等丹鳳進了房間,侍衛們已經將床鋪好,要讓太子上床休息。
慕容太子轉身望著丹鳳:「丹鳳姑娘,你是傷員,睡床鋪吧。本王與趙太醫打地鋪就行。」
「太子殿下,這不妥吧?」
秦驍望著太子,似乎有些猶豫,直到慕容徵瞪了他一眼,才沒敢再說,轉身收拾行旅去了。
丹鳳更是為難,睡床上吧,有些對太子不尊,睡地鋪吧,怎麼可能同找太醫睡在一起呢。思索再三,也不推卻,自顧自朝床鋪走去。

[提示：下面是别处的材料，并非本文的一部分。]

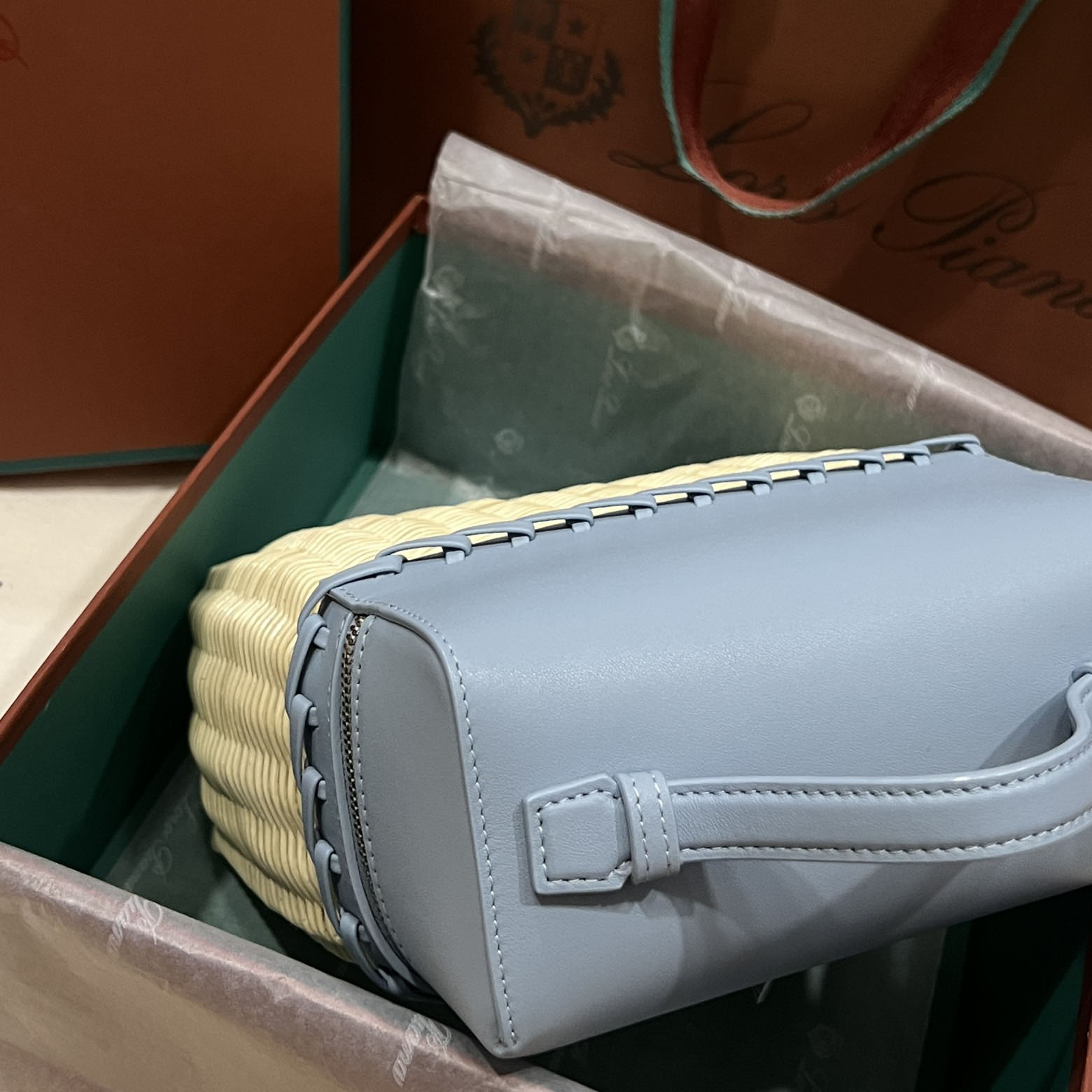 Loro Piana Women's Blue Extra Pocket L19 Wicker Pouch  (11*19*6.5cm) - DopestKickz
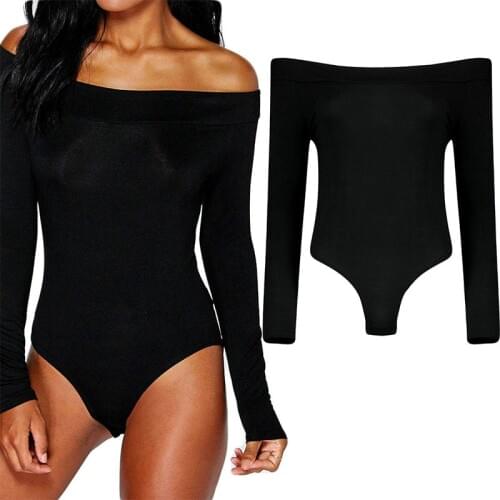 Womens Spring Autumn New Long Sleeve One-piece Briefs Tight Solid Color Camouflage Casual Beach Fashion Trend
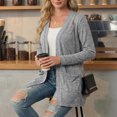 thumbnail image 6 of Women's Lightweight Cardigan Long Sleeve Sweater Open Front Casual Fall Cardigans with Pockets,Light Gray XL, 6 of 7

「嘿嘿嘿!便宜你了。先別忙著睡,我看看傷口,包紮一下,再配點藥給你。」趙太醫用手理了理頭髮,一雙眼睛閃爍著狡黠的亮光,臉上掛著頑皮的笑容,故意慢騰騰地走到床前。
丹鳳朝太子瞥了一眼,恰好撞上那雙驚愕的眸子,急忙躲閃。不料,波光瀲灩的麗眸又讓太醫捕捉到了。立即閉上眼睛,長長的睫毛眨啊眨的,心中「咚咚咚」地亂敲鼓。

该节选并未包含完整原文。